Sam Smith Urges People To Respect Pronouns As They’re Repeatedly Misgendered
Sam Smith is urging people to become familiar with non-binary pronouns as they fear they’ll be misgendered ‘to the day [they] die’.
The 27-year-old singer announced they would be changing their pronouns to ‘they/them’ last September, after revealing they identified as non-binary.
In a post shared on Instagram, Sam said they had been ‘at war with [their] gender’ their entire life, adding they were now ready to embrace themselves for who they are, ‘inside and out’.
Though the Too Good At Goodbyes singer has embraced their new pronouns, they have found society is struggling to do the same.
In an interview with Zane Lowe on Apple Music’s New Music Daily on Friday, February 14, Sam said it is ‘very, very difficult’ for people to change their vocabulary.
It takes time. Everyone messes up. I’m going to be misgendered to the day I die.

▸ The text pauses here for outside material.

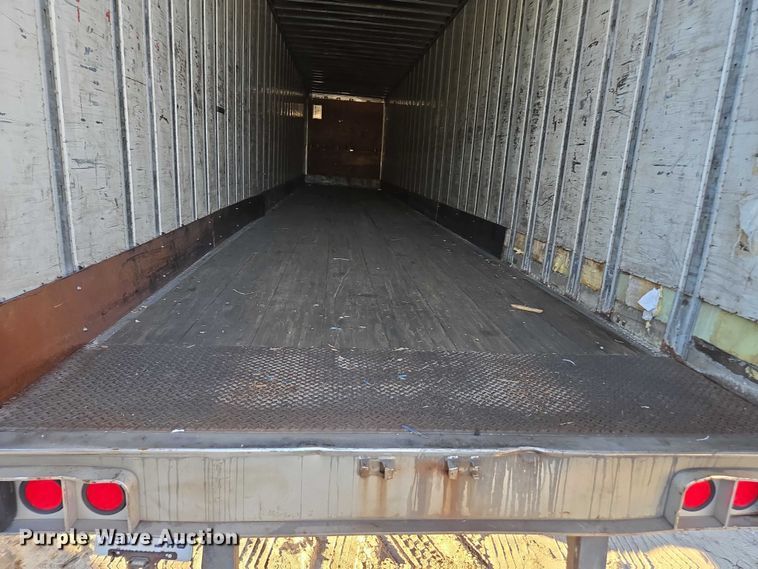 image for item DU2574 2010 Utility dry van trailer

Though the 27-year-old acknowledges change will take a ‘long, long time’, they are adamant it is something that ‘needs to happen’.
This is all about feeling safe and it makes me feel happy and it makes me feel comfortable, and if I get to live a life where I’m a little bit more comfortable and happy, then I think it’s worth it.
Sam credited younger generations for helping them to understand their identity, admitting they hadn’t heard of the term ‘non-binary’ before kids started using it. As soon as they learned the phrase, Sam realised it applied to how they felt.
Sam believes younger generations are paramount in changing the way society sees gender, as they believe ‘anything goes now’.
The way that I’ve opened myself up over the last two years is all because of the kids of today and how they are growing up and gender is just becoming nothing… they don’t understand it, sexuality is so fluid.
Sam opened up further about their gender in a recent interview on Heart Breakfast, where they explained that rather than being male or female, they ‘flow somewhere in between’.
The singer went on:
It’s all on the spectrum. I’ve always had a little bit of a war going within my body and my mind. I do think like a woman sometimes, in my head.
Sometimes I’ve questioned, ‘Do I want a sex change?’ It’s something I still think about, like, ‘Do I want to?’
Hopefully younger generations will continue to encourage the use of non-binary pronouns, so Sam and those in similar positions do not have to constantly worry about being misgendered.